下関市の唐戸エリアに鎮座する「亀山八幡宮(かめやまはちまんぐう)」。
「カメ山」という愛称や、世界最大のふくの像があることで有名な神社ですが、ここにはある一人の女性の、悲しくも美しい伝説が語り継がれています。
その女性の名は、お亀(おかめ)。
かつて人柱となり、荒れ狂う海を鎮めた遊女の物語と、彼女を祀る「お亀銀杏(おかめいちょう)」のパワースポットとしての魅力をご紹介します。
🌊 激流を鎮めるために。遊女「お亀」の決断
物語の舞台は、江戸時代初期。
当時、亀山八幡宮の一帯は島でしたが、街の発展のために陸続きにする埋め立て工事が行われていました。
しかし、関門海峡の急流によって埋めても埋めても土砂が流され、工事は難航を極めます。そこで、ついに「人柱(ひとばしら)」を立てることが決まりました。
「私の命が役に立つなら」
その時、自ら名乗り出たのが、稲荷町(現在の赤間町)の遊女「お亀」でした。
彼女は疱瘡(ほうそう)を患い、顔にアバタ(痕)が残っていたといいます。
「自分の命が町の人々の役に立つなら」と、お亀は尊い決断を下しました。
月明かりの夜、白衣に身を包んだお亀は海へと消えていきました。すると不思議なことに潮の流れは穏やかになり、工事は無事に完成したと伝えられています。
🍂 無病息災のパワースポット「お亀銀杏」
人々はお亀の功績を称え、境内にイチョウの木を植えて「お亀イチョウ」と名付けました。
アバタ模様の銀杏
不思議なことに、このイチョウは秋になると「無数の斑点」がある実をつけることから、「お亀ギンナン」と呼ばれるようになりました。

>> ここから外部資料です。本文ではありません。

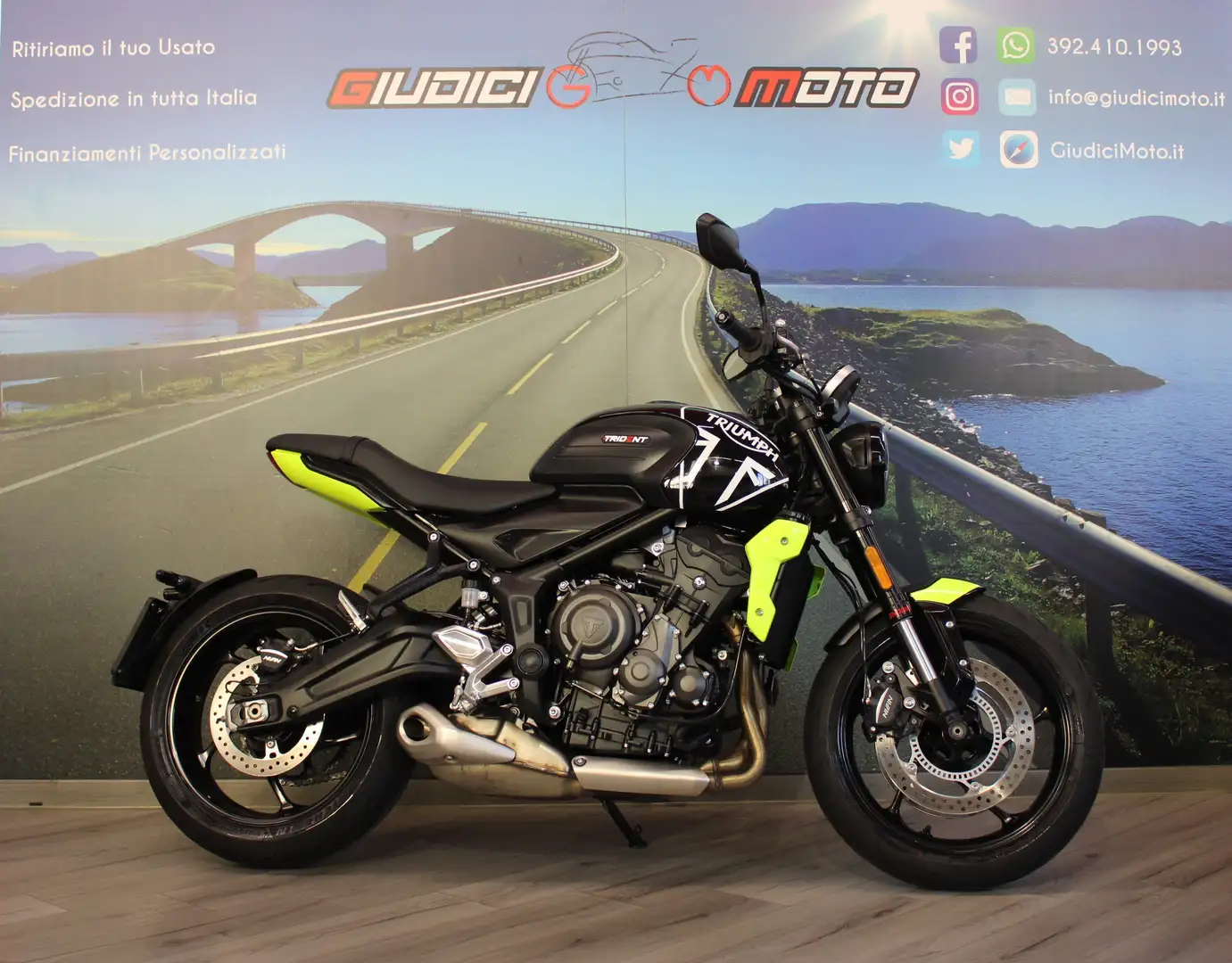 Triumph Trident 660 2024 - km 10366 Nero - 1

この斑点は、お亀さんの顔のアバタの名残だと言い伝えられています。
ご利益
明治時代には天然痘除けのお守りとして信仰されましたが、現在では無病息災、延命長寿のご利益があるとして人気を集めています。
💃 博多どんたくのルーツ?「八丁浜踊り」
お亀の犠牲によって埋め立てられた浜は「八丁浜(はっちょうはま)」と呼ばれました。
毎年5月の五穀祭では、彼女の功績を称える「八丁浜踊り」が奉納されます。
「八丁浜エラヤッチャ」という独特の囃子に合わせて杓文字(しゃもじ)を叩きながら踊るこの祭りは、実は福岡の**「博多どんたく」のルーツ**とも言われています。
ℹ️ 基本情報&アクセス
唐戸市場やカモンワーフからもすぐ近く。
観光の合間に、亀山八幡宮へお参りして、お亀さんの伝説に触れてみませんか?
| 項目 | 内容 |
| スポット名 | 亀山八幡宮(おかめ明神・お亀銀杏) |
| 所在地 | 下関市中之町1-1 |
| ご利益 | 無病息災、延命長寿 |
| お問い合わせ | 083-231-1323 |
🚗 アクセス
- 【バス】
- JR「下関駅」からバスで約7分、「唐戸」バス停下車、徒歩5分
💖 まとめ
悲劇的な人柱の伝説と、それを感謝し続ける人々の想いが詰まった「お亀銀杏」。
亀山八幡宮を訪れた際は、海を見下ろす境内にあるイチョウの木やお亀明神に、静かに手を合わせてみてはいかがでしょうか。